Hommage : Mazigh Arab, mémoire vivante du football de Beni Mansour et toujours dans le match

Il est des hommes dont la trajectoire dépasse les simples lignes d’un parcours. Des hommes qui incarnent, à eux seuls, des valeurs devenues rares : la passion, la fidélité, la rigueur… et surtout cette flamme qui ne s’éteint jamais. Mazigh Arab est de ceux-là.

Né en 1953 au village de Beni Mansour, en Kabylie, Mazigh porte dans son prénom une promesse : celle de l’homme libre. Et toute sa vie, il n’a cessé de lui donner du sens. Libre dans ses choix, libre dans son engagement, libre dans sa manière de vivre le sport et les relations humaines. Un caractère bien trempé, parfois rugueux, mais toujours animé par une sincérité et une générosité profondes.

Très jeune, le ballon devient son compagnon. Sur les terrains de son village, il révèle un talent naturel : une technique fine, un toucher de balle élégant et une intelligence de jeu remarquable. Mais Mazigh ne s’arrête pas là. Il est un sportif complet. La course à pied lui forge un souffle exceptionnel, les arts martiaux lui inculquent discipline et maîtrise. Le karaté, en particulier, devient une véritable école de vie — une passion qu’il transmettra à ses quatre filles, aujourd’hui toutes d’excellentes karatékas.

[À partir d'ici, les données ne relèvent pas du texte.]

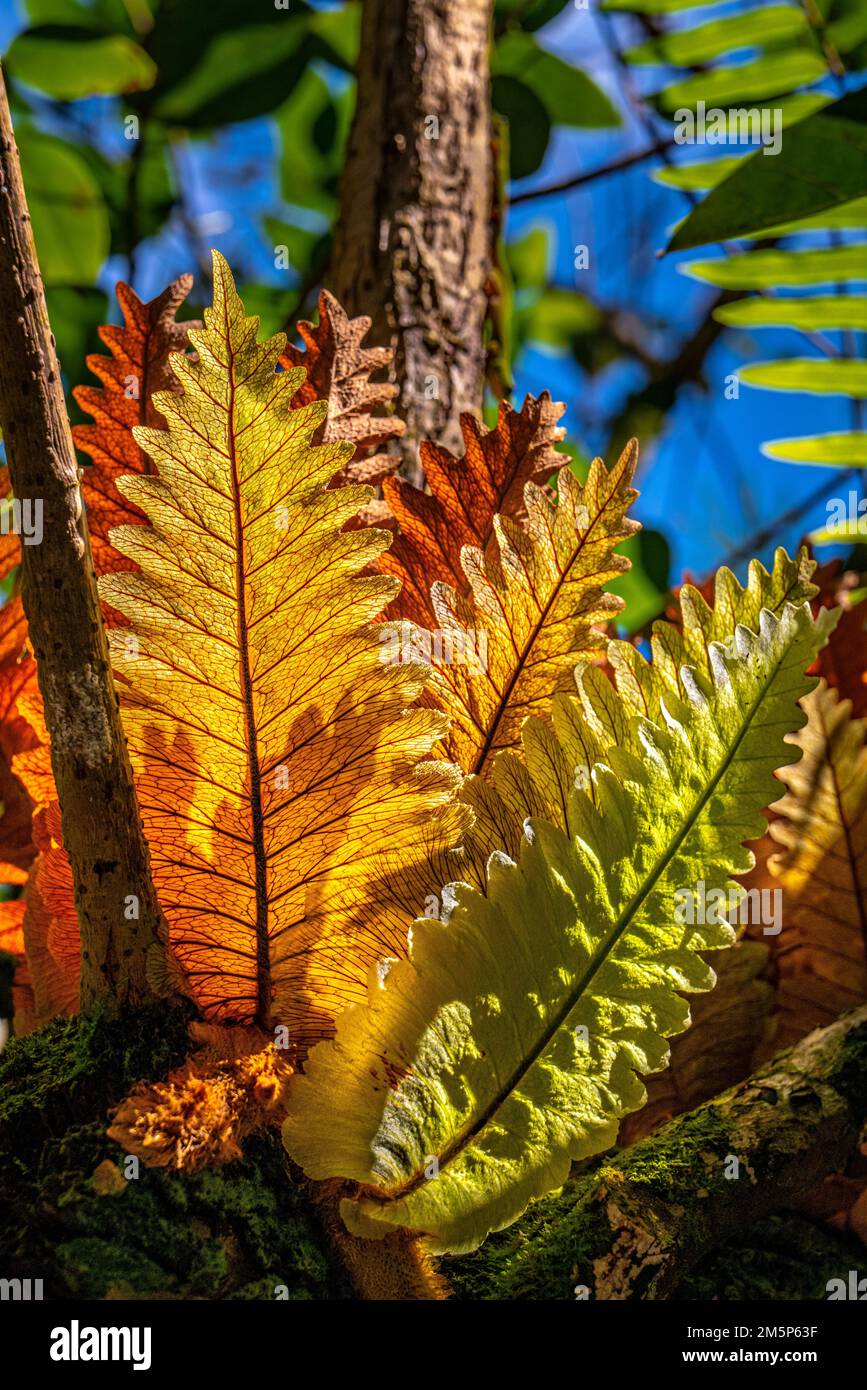 HAWAII TROPICAL BIORESERVE & GARDEN HILO HAWAII HAWAII USA Stockfoto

Au début des années 70, il évolue à l’Olympique d’Akbou aux côtés de joueurs talentueux comme Chekri et Djari Rachid, lui aussi originaire de Beni Mansour. Il poursuit ensuite son parcours au Club Riadhi de Mchedellah, à une époque où le football ne suffisait pas à faire vivre ses passionnés. Comme beaucoup de jeunes de sa génération, Mazigh doit quitter son village pour travailler.

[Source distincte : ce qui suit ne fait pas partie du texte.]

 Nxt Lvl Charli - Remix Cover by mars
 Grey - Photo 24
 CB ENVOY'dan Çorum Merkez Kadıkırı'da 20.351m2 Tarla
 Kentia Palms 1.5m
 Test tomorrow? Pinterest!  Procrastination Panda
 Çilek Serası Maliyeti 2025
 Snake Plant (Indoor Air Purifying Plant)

Il rejoint Alger et intègre les chemins de fer. Contrôleur puis responsable des contrôleurs à la SNTF, il y consacrera plus de trente années de service, avec sérieux et engagement. Mais jamais il ne quitte le football. Il continue à jouer au sein de l’équipe sport et travail des chemins de fer, fidèle à sa passion.

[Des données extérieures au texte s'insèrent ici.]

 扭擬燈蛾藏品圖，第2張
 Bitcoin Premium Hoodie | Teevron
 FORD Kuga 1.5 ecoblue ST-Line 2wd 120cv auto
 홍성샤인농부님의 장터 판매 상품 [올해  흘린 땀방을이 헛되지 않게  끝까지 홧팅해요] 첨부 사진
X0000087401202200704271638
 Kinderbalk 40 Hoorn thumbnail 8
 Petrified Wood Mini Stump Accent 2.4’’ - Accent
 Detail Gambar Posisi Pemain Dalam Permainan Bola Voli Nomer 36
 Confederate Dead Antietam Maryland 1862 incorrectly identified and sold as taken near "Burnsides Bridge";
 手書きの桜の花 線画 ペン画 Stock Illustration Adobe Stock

Mazigh est aussi le témoin privilégié d’une génération exceptionnelle de footballeurs issus de Beni Mansour. Un vivier rare, où brillaient des talents comme Djari Rachid, redoutable canonier de l’Olympique d’Akbou, Bouali Mourad, attaquant d’exception au sens du dribble déroutant, père de Samy aujourd’hui à l’US Monastir, Abdenour Guenoun, milieu infatigable aux “trois poumons”, les frères Nacer et Mourad Larbi, véritables tours de contrôle de la JSB, Abdelkrim Makhlouf, défenseur polyvalent capable d’évoluer à tous les postes, Rachid Ziane, ailier rapide comme l’éclair, Younes Mhenni, passé par l’USM Alger, Fateh Lameche, le regretté Slimane Taoui, Yahi Malek, ainsi que Djamel Hebbal, devenu entraîneur et cadre du sport universitaire.

Et aujourd’hui encore… à 73 ans.

Mazigh est toujours là. Sur le terrain. Toujours prêt à taper dans le ballon avec les anciens du village, toujours prêt à défier les plus jeunes, à les provoquer avec malice, à les pousser à se surpasser. Connu pour son caractère de mauvais perdant, il reste avant tout un compétiteur dans l’âme. Chez lui, jouer n’est jamais anodin : c’est un engagement total, une passion intacte.

Mais au-delà du joueur, il y a l’homme. Le père. L’ami fidèle. Celui qui inspire par l’exemple, sans jamais chercher la lumière. Celui qui rappelle que la longévité est le fruit d’une hygiène de vie, d’une discipline, et surtout d’un amour sincère pour le mouvement et le sport.

Mazigh Arab n’est pas seulement un ancien joueur. Il est une mémoire vivante. Un symbole. Un modèle pour les générations d’hier, d’aujourd’hui et de demain.

Merci Mazigh. Pour ta passion. Pour ton énergie. Pour ton héritage.